Comparison of multi-omics results between patients with acute myeloid leukemia with long-term survival and healthy controls

Ann Transl Med. 2022 Jan;10(2):82. doi: 10.21037/atm-21-6681.

Abstract

Background: Acute myeloid leukemia (AML) is a group of highly heterogeneous diseases, for which approximately 35-40% of patients younger than 60 years old can be cured. However, the multi-omics characteristics and immune cell infiltration (ICI) status of adult long-term survival patients with AML patients compared with healthy controls are still relatively under-explored.

Methods: A total of 10 healthy transplant donors (control group) and 11 long-term survival patients with AML with de novo sampling from 2019 to 2020 at the Institute of Hematology in the Hospital of Blood Diseases were enrolled. We simultaneously performed 850 K methylation and bulk RNA-seq on these 21 patients for comparing the differential gene methylation and expression levels between the two groups. The analysis of immune cell gene expression was based on 4 algorithms single sample gene set enrichment analysis (ssGSEA), EPIC, ESTIMATE and immunophenotype score (IPS) on the bulk RNA-seq data.

Results: The differential methylation positions (DMPs) of the control group was significantly higher than that of the long-term survival group (P<0.01). The hypomethylated probes for Kyoto Encyclopedia of Genes and Genomes (KEGG) enrichment is summarized as follows: the significant pathway was related to NK-cell-mediated cytotoxicity and amino acid metabolism. We also found the Differential expression genes (DEGs) of long-term survival AML were roughly similar, and the DEGs were highly relevant to the cellular amino acid metabolic process pathway by gene set enrichment analysis (GSEA). Based on the further univariate and multivariate Cox survival analyses in GSE37642, genes crosslinked of DEGs and DMPs: LOXL1 and PDZRN4, which characterized as hypomethylated and upregulated, may become an AML prognostic marker (P<0.05). Besides, compared with the long-term-survival AML patients who discontinued chemotherapy after >3 years and the healthy donors, T cell-, natural killer cell-, MHC- and effector cell (EC)-related genes were downregulated; suppressor cells (SC) and checkpoint (CP) cells were significantly upregulated in the long-term-survival AML patients who discontinued chemotherapy after <3 years.

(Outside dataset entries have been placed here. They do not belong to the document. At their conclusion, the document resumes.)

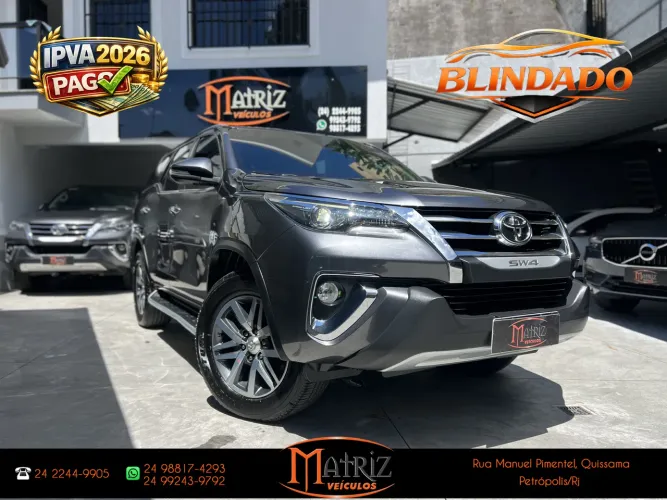 Toyota Hilux SW4 SRX 4X4 2.8 TDI 16V Dies. Aut. 2017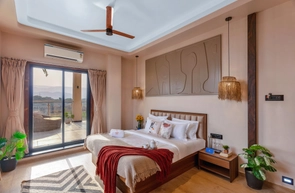 room-thumbnail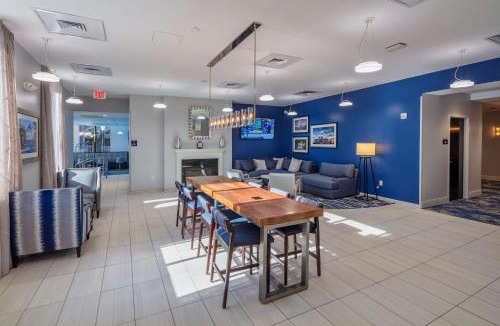 State College Hotel | Scholar State College, Tapestry Collection by Hilton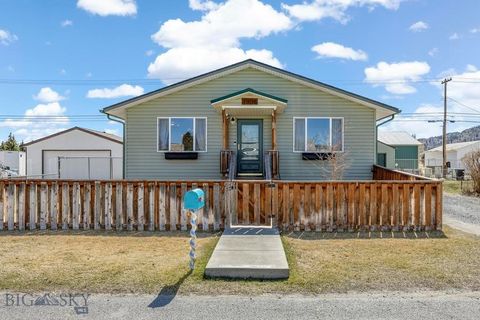 Photo of 1302 Sampson Street, Butte, MT 59701 (MLS # 410230)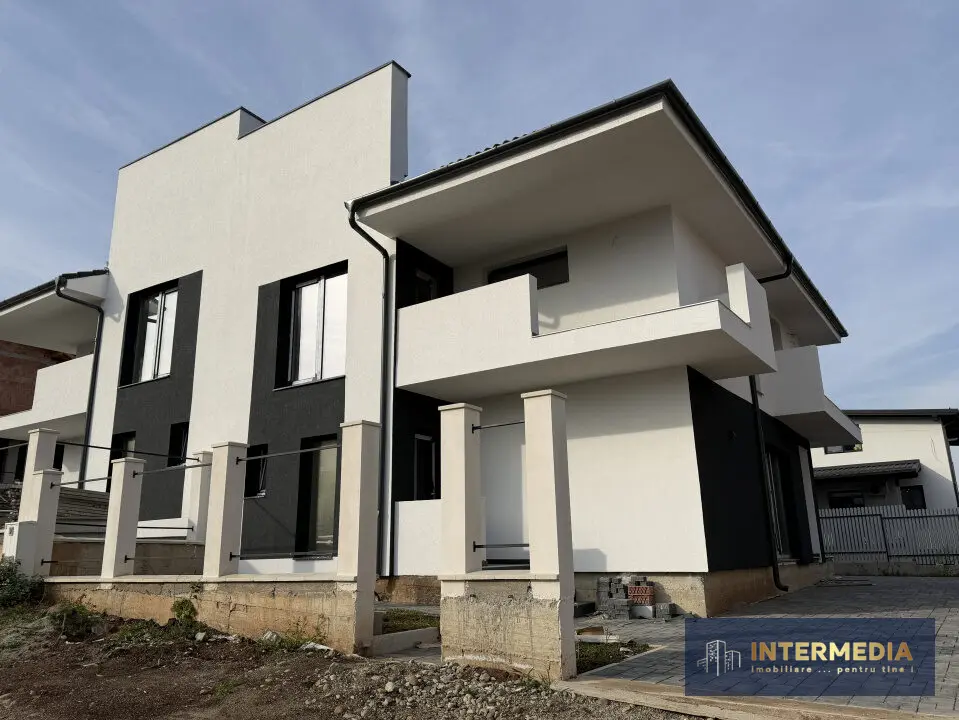 Casă nouă P+1 în Alba Iulia, zona Cetate Piață, teren 250 mp, finisată la cheie, fotografia 1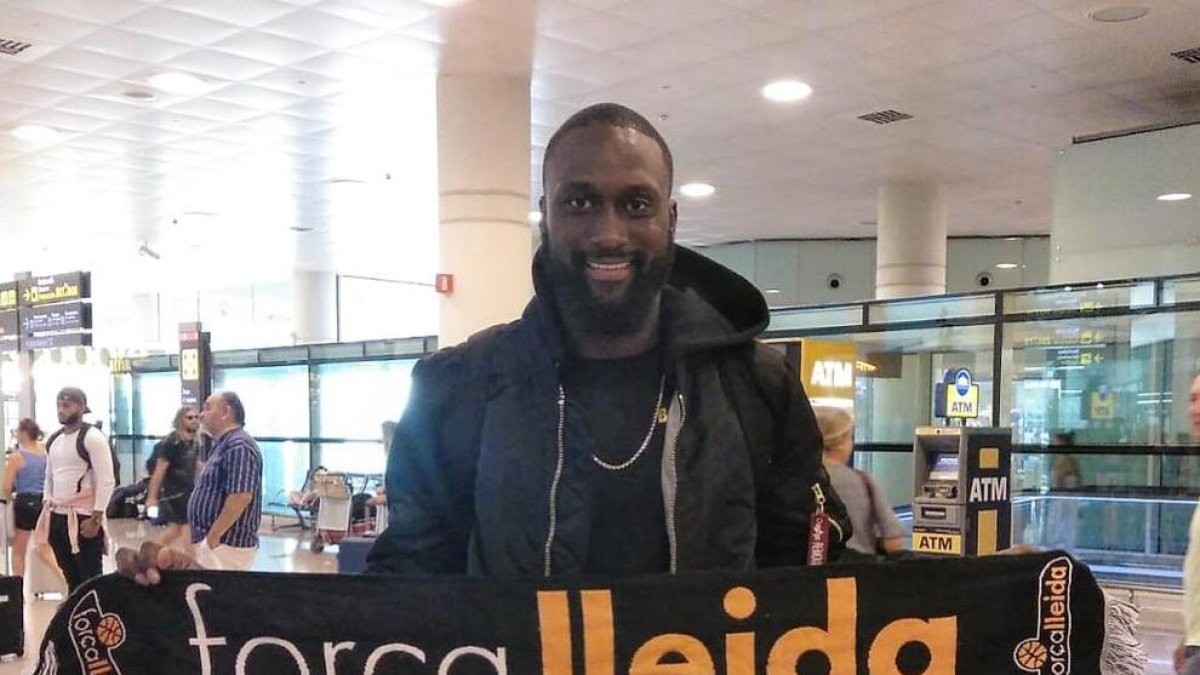 Carey i Stutz s’incorporen als entrenaments del Força Lleida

Conclusions: In terms of DNA methylation, RNA expression and ICI, AML patients with long-term survival were slightly different than that of healthy people. The profile of long-term AML survivors, especially those who discontinued chemotherapy less than 3 years, still differed from that of healthy people.

Keywords: Acute myeloid leukemia (AML); RNA-seq; immune cell infiltration (ICI); long-term survival.